Por Ruy Fabiano

 

Lula continua encenando o papel de presidenciável. Sabe que as chances reais de exercê-lo de fato são tão remotas quanto as de Dilma Roussef voltar à vida pública. Lula é réu em cinco processos criminais – e em breve o será de outros mais, podendo ser preso a qualquer momento.

Queixa-se com frequência de que já não pode comparecer a locais públicos sem ouvir desaforos. Viajar em aviões comerciais, nem pensar. Viaja em jatos particulares, cedidos por amigos. Hoje, só fala a plateias amestradas – e mesmo aí já enfrenta resistências. Na quinta-feira, por exemplo, num encontro em Brasília, foi vaiado pelo PSTU, legenda da esquerda radical que o considera um traidor da causa. E a causa, óbvio, é a revolução, abandonada ou negligenciada na medida em que Lula enriquecia e se aburguesava.

Com todas essas credenciais adversas, Lula insiste, como disse esta semana em Salvador, em que, “se for necessário”, voltará a disputar a presidência da República.
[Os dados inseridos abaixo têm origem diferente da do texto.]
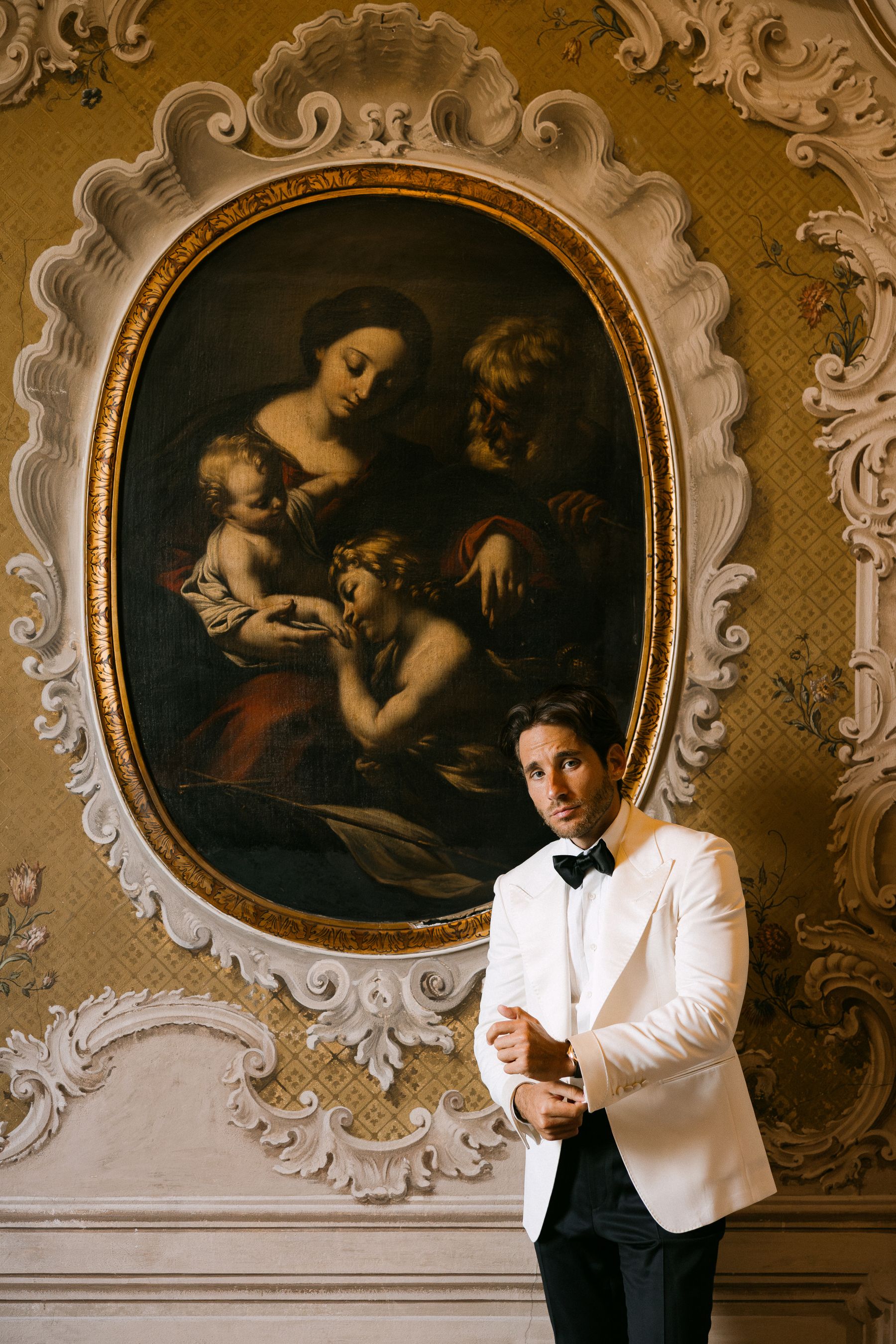 From a Paris Birthday Party to a Huppah on Lake Como: Carina &amp; Elie’s Wedding at The Villa Erba photo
Não esclarece que necessidade seria essa. Do país, seguramente, não é. O rastro de destruição – política, econômica, social e moral – que o período por ele inaugurado, em 2003, e encerrado em 2016 com Dilma, deixou confere-lhe uma das maiores taxas de rejeição de toda a história. Dilma é parte de sua obra, concluída com um impeachment e a revelação do maior escândalo de corrupção já visto em todo o mundo. Corrupção e má gestão, soma fatal, que impôs ao país a crise atual, da qual procura acusar os que a herdaram.

Diante de tal cenário, sua candidatura a presidente só não é uma piada porque serve a uma causa real: sua blindagem, pessoal e política. Mantendo-se presente e atuante no cenário público, dá concretude àquilo que dele falou o presidente Michel Temer, a quem finge odiar, mas com cuja complacência tem contado.

Temer, numa recente entrevista ao programa Roda Viva, se disse contrário à prisão de Lula por achar que tumultuaria a paz pública. Com isso, conferiu-lhe um prestígio que já não tem – e o transfigurou em salvo conduto, inibindo, de maneira oblíqua, a ação dos que têm a responsabilidade de fazê-lo pagar por seus delitos.

Não parece ter sido por mera simpatia que o fez. Temer receia o que está por vir – as delações, sobretudo as da Odebrecht – e parece inclinado a estabelecer um armistício com o PT, de que dá testemunho a preservação de aliados da velha ordem em cargos estratégicos da administração pública.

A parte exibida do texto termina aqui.